Baalbestritt zwei Kämpfe, die er beide gewann. Pawlos Kiouptzidia vom TuS Komet Arsten schulterte der 28-Jährige, danach besiegte Baal seinen Teamkollegen Tobias Malon nach Punkten. Eigentlich waren fünf Teilnehmer gemeldet. Doch zwei Ringer hatten Übergewicht und musste eine Gewichtsklasse höher antreten.

Genau 100 Ringer aus elf Vereinen nahmen an den Niedersachsenmeisterschaften teil. Die jüngsten Teilnehmer waren sieben Jahre alt. Mit 23 Athleten schickte BW Dörpen die meisten Ringer ins Rennen. Dahinter folgten TKW Nienburg (19) und AFG Ringerverein Hannover (11). Eine Jugendliche wollte auch mitringen, weil sie aber die Einzige war, fand kein Wettkampf statt. „Frauen dürfen nicht gegen Männer kämpfen – nur bis zur C-Jugend, also nur bis zum Alter von 10 Jahren“, erklärt Baal.

Dörpen war erstmals Austragungsort der Niedersachsenmeisterschaften. 2006 hatten die Blau-Weißen lediglich einmal Oberligawettkämpfe ausgerichtet. Die Gastgeber, deren Abteilungsleiter Baal niedersächsischer Jugendreferent und Mitglied im Präsidium des Niedersächsischen Ringer-Verbandes ist, hatten sich erfolgreich um die Ausrichtung beworben.

Die Zuschauerresonanz fiel am Samstag geringer aus als erhofft, denn im Anschluss an die offizielle Eröffnung begannen bereits gegen 10.45 Uhr die Wettkämpfe. „Viele sind erst am Nachmittag gekommen, waren aber teilweise zu spät“, so Baal.
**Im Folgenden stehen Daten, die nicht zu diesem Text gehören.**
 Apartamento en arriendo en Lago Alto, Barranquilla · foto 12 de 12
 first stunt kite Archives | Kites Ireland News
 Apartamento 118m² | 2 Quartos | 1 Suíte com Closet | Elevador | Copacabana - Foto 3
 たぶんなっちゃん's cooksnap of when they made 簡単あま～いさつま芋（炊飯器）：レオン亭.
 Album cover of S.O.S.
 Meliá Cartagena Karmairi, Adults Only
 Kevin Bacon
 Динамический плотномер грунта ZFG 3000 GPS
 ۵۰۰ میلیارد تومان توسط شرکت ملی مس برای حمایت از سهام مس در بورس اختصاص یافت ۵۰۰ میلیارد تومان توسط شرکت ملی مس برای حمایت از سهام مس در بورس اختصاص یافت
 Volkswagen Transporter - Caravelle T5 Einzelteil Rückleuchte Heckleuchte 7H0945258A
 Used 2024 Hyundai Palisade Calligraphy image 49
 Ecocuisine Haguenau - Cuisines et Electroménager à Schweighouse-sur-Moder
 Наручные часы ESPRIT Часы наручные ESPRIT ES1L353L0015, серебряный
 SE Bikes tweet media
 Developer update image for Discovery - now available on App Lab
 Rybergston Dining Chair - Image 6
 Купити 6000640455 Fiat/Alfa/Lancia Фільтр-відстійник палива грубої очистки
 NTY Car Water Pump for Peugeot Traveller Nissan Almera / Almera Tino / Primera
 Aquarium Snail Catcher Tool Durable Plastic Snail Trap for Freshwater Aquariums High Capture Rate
Gegen 15 Uhr fanden bereits die Siegerehrungen statt. „Ich hätte gerne mehr Besucher gesehen und hatte auch viel mehr erwartet“, zeigte sich Baal etwas enttäuscht.

Nachbarschaftshilfe hatten die Dörpener bei der Organisation erhalten. Weil sie nur über eine Matte verfügen, wurden zwei weitere aus Oldenburg beziehungsweise Quakenbrück zur Verfügung gestellt. Die Quakenbrücker nahmen ihre Matte nach dem Wettkampf direkt wieder mit, die andere brachte Baal am Tag danach wieder zurück.